Top Tax Tips for Expats in Italy

By Gareth Horsfall - Topics: Income Tax, Italy, Tax, tax advice, tax tips, Uncategorised
This article is published on: 4th March 2013

04.03.13

Here are my top tax tips for living or moving to Italy.

1.  Beware of the DIY approach.
Always discuss your tax situation with an experienced and knowledgeable commercialista.  Taxes in Italy are not that much different to other countries around Europe and you might be surprised at just how littel you have to pay.  The DIY’ers rarely find the tax breaks and end up paying more than they need to.

2.  A Tax Residence of choice does not work.
Just because you are spending 3 months of the year in the UK does not mean you automatically qualify for UK residency when in fact you are actually spending more of your time in Italy.  The double tax treaty will not cover you in this case.

3.  Don’t think you can hide. 
If you an Italian tax resident (i.e you spend more than 183 day here a year), then the Guardia di Finanza can find you.   There is always a paper trial, utility bills, mobile phone records, airline tickets, credit card and bank statements, as well as visual evidence from neighbours, gardeners, cleaners etc.  It is much better to be ‘in regola’ and know that the knock on the door is highly unlikely.

4.  Beware the UK 90 day rule.
Quite a few people I meet try to claim UK residency because they go back to the UK for at least 90 days a year out of the last 3 years.  This is not a law and is ignored by the courts.   The Italian tax authorities would swiftly brush this aside as an excuse if they were trying to determine tax residency in Italy or not.

5.  Don’t rely on a double taxation treaty to protect you. 
A double taxation treaty is merely a statement saying that you cannot be a tax resident of 2 countries at the same time.    So, you have to be resident in at least one country in any one year.    The Italian’s will quite quickly assume that you are Italian tax resident if there are any signs of regular/permanent establishment in the country.

6.  Be very wary of trying to be non resident anywhere. 
If you are claiming to be a non tax resident anywhere then you could misunderstand the rules of the countries that you are living in.   It is possible but most countries will deem you to be tax resident even if you spend less than 6 months of the year in the country.  They just find it hard to accept that you can be non resident anywhere.

7.  Don’t forget to register your presence. 
Some people move to Italy and then decide not to report that they are living there and try and live under the radar.  It is illegal to NOT complete tax returns and and a criminal offence in Italy.  Even if you are paying tax on pensions in other countries, have assets overseas or income from other sources, the tax code in Italy states that as a tax resident you are liable to taxation on your worldwide income and assets.   However you might get some Double tax treaty relief’s from Italy for paying taxes in another country already.

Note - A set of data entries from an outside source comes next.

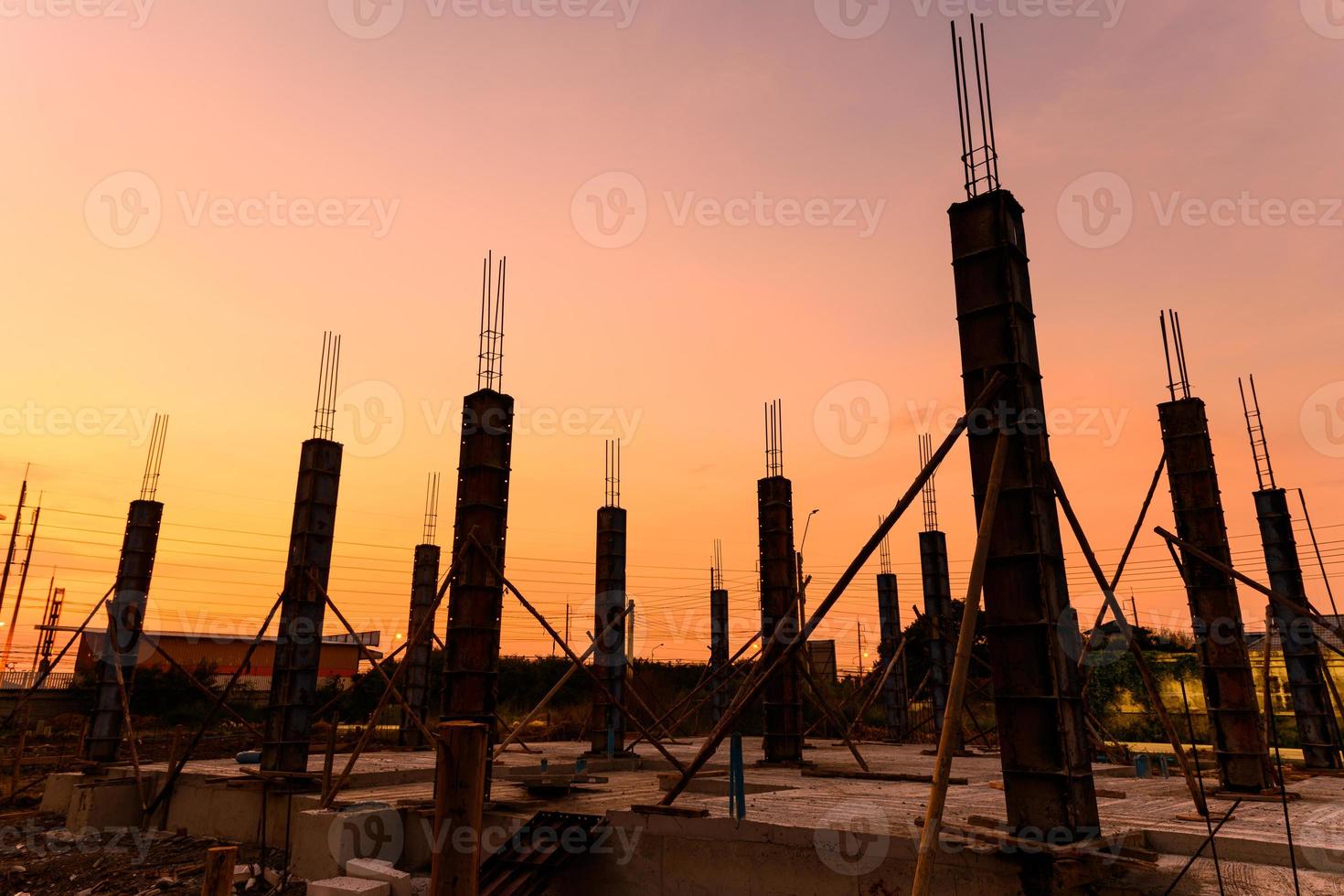 silueta de una columna de la casa en el sitio de construcción en el proyecto de vivienda foto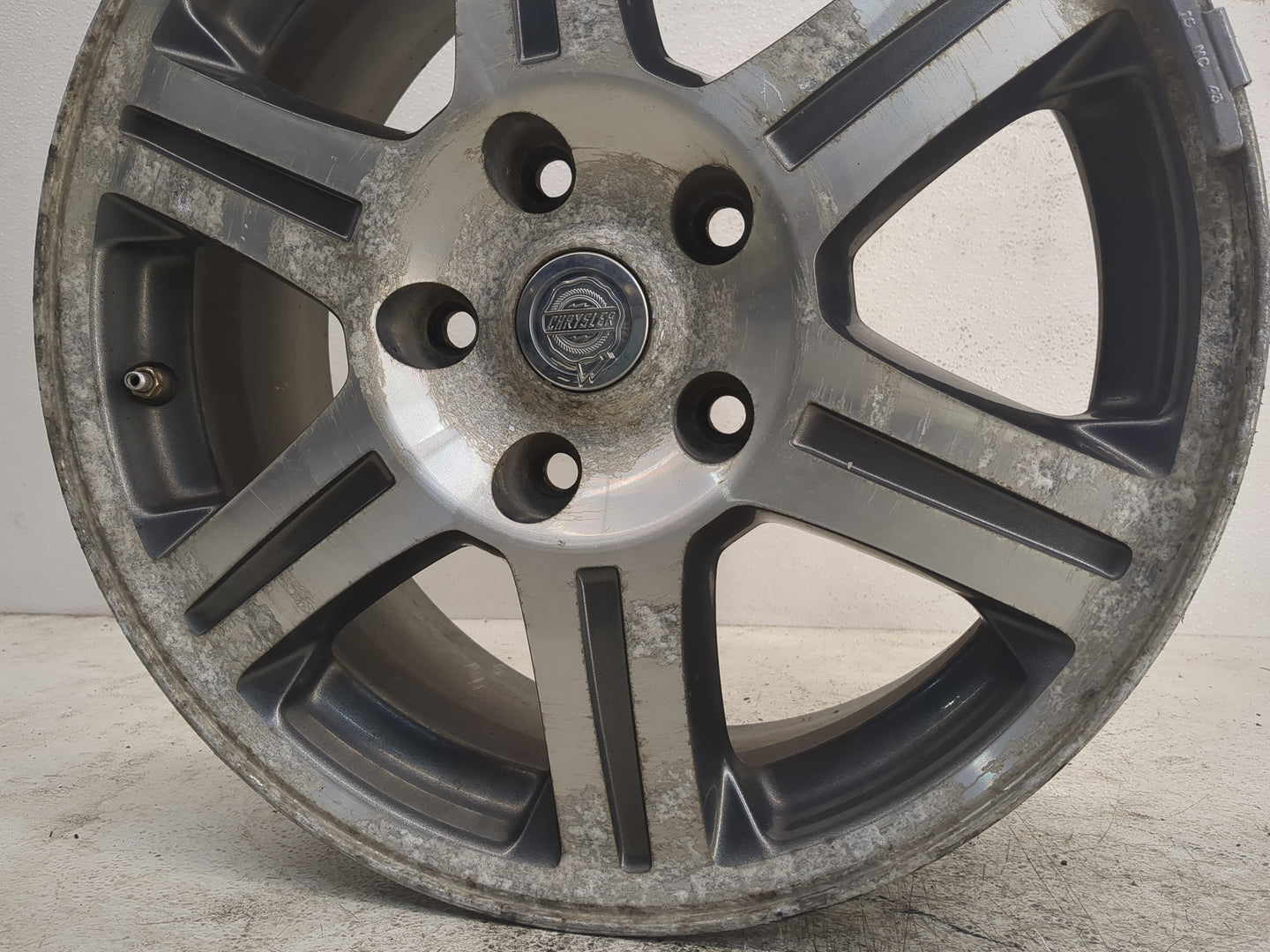 2007-2008 Chrysler Pacifica Oem Wheel Rim - Oemusedautoparts1.com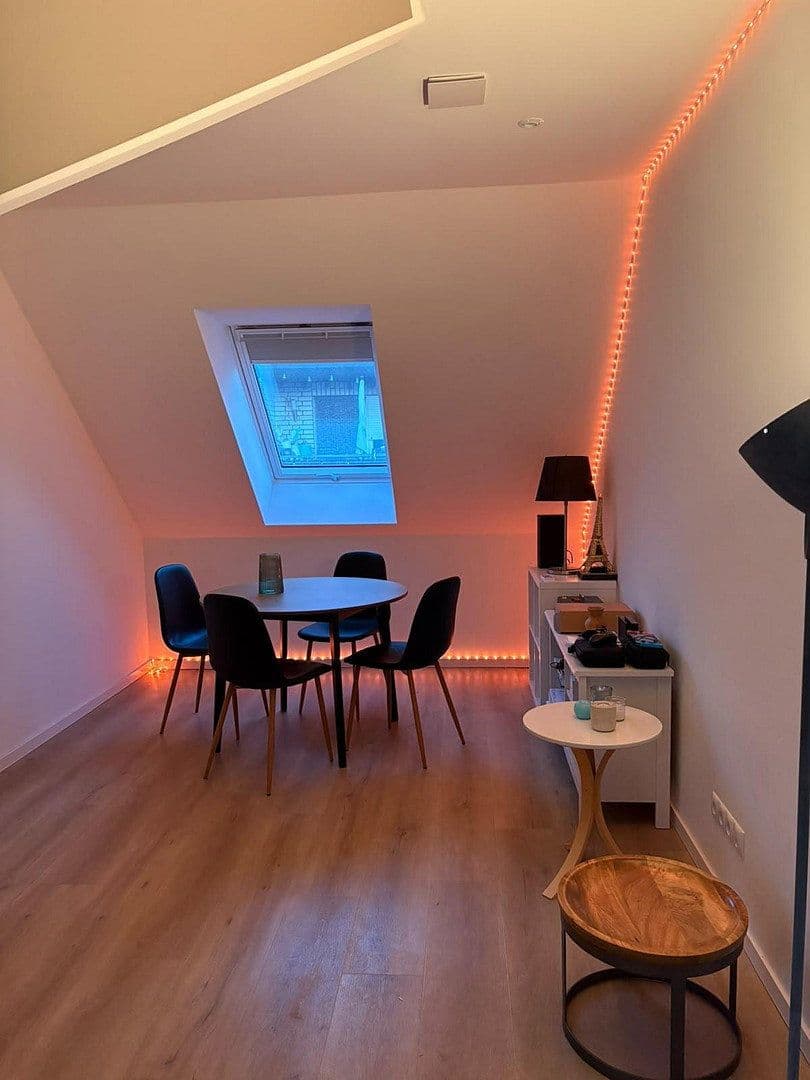 Prodej domu 210 m², pozemek 581 m², Cloppenburg, Dolní Sasko Prodej domu 210 m², pozemek 581 m², Cloppenburg, Dolní Sasko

8.  Tax favoured investments in one country do not necessarily apply in Italy. 
The classic example is the UK Individual Savings Account. (ISA).  It is not recognised as a tax free account in Italy and is therefore taxed on income and capital gains.   You might need to re-examine all your old investments and replace then with tax efficient investment for Italy (namely the Life assurance Investment Bond).

9.   Watch out for tax free lump sums from pensions
The UK pension system allows a 25% lump sum pension payment on retirement.   In Italy that lump sum is taxable and therefore it might be advisable to take it before you leave for the country.  You might also consider moving the pension fund to a QROPS ( Qualified Recognised Overseas pension Scheme).  This means you can put the pension outside the UK tax system, avoid having to buy an annuity and potentially avoid the 55% charge on the fund at death.

10.  Don’t be worried about tax planning in Italy. 
Life in Italy is great.  Taxes are not that different to those in other European countries.   If you plan early enough and do things properly you will not pay that much more than if you were a UK resident.   I often tell clients that for a few hundred euros more, it really is not worth taking the risk.